The New York Daily News' Michael Saul calls it the " 'bitter' aftertaste": "Blue-collar whites shunned Obama on Tuesday in the Keystone State, raising questions about his ability to attract the key voting bloc in a general election matchup with John McCain."
Bill Clinton is jumping on this theme -- keying off comments David Axelrod made on NPR Wednesday.
"Today her opponent's campaign strategist said, well, we don't really need these working class people to win, half the time they vote for Republicans anyways," the former president said in North Carolina, per ABC's Sarah Amos.
"And I will tell you something, America needs you to win, and therefore Hillary wants your support, and I hope you will help her in this primary in North Carolina."
McCain campaign manager Rick Davis likes what he sees: "The cracks in Obama's Democratic coalition in Pennsylvania mirror what we saw in Ohio, and those cracks could have implications in November," Davis writes in a memo.
The bottom line: Obama hasn't answered the questions that have swirled around his candidacy. "The data from last night suggests that voters believe that Hillary Clinton's argument about Barack Obama's general election viability will remain valid until Obama renders it invalid," The Atlantic's Marc Ambinder writes.
This is not the image Obama needs: "If you look at Obama's vote in Pennsylvania, you begin to see the outlines of the old George McGovern coalition that haunted the Democrats during the '70s and '80s, led by college students and minorities," John B. Judis writes in The New Republic. "Its ideology is very liberal.

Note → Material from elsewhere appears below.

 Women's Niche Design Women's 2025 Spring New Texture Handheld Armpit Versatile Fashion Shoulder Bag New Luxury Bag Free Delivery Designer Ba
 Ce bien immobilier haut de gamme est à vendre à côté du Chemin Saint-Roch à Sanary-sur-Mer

Whereas in the first primaries and caucuses, Obama benefited from being seen as middle-of-the-road or even conservative, he is now receiving his strongest support from voters who see themselves as 'very liberal.' "
But numbers can mislead: "For all of her primary night celebrations in the populous states, exit polling and independent political analysts offer evidence that Mr. Obama could do just as well as Mrs. Clinton among blocs of voters with whom he now runs behind," Patrick Healy writes in The New York Times.

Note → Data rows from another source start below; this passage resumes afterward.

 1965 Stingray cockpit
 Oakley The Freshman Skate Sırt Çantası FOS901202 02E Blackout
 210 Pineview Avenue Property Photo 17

"Obama advisers say he also appears well-positioned to win swing states and believe he would have a strong shot at winning traditional Republican states like Virginia."
And numbers are stubborn: "If this contest were still at the point where momentum, symbolism, and reading tea leaves mattered, Clinton would be in pretty good shape," writes National Journal's Charlie Cook. "Clinton is winning in big, important places, but it's happening about three months too late."
The line from Camp Clinton -- that she's ahead in the popular vote -- only works if you count Florida and Michigan (which superdelegates are smart enough not to accept on face value).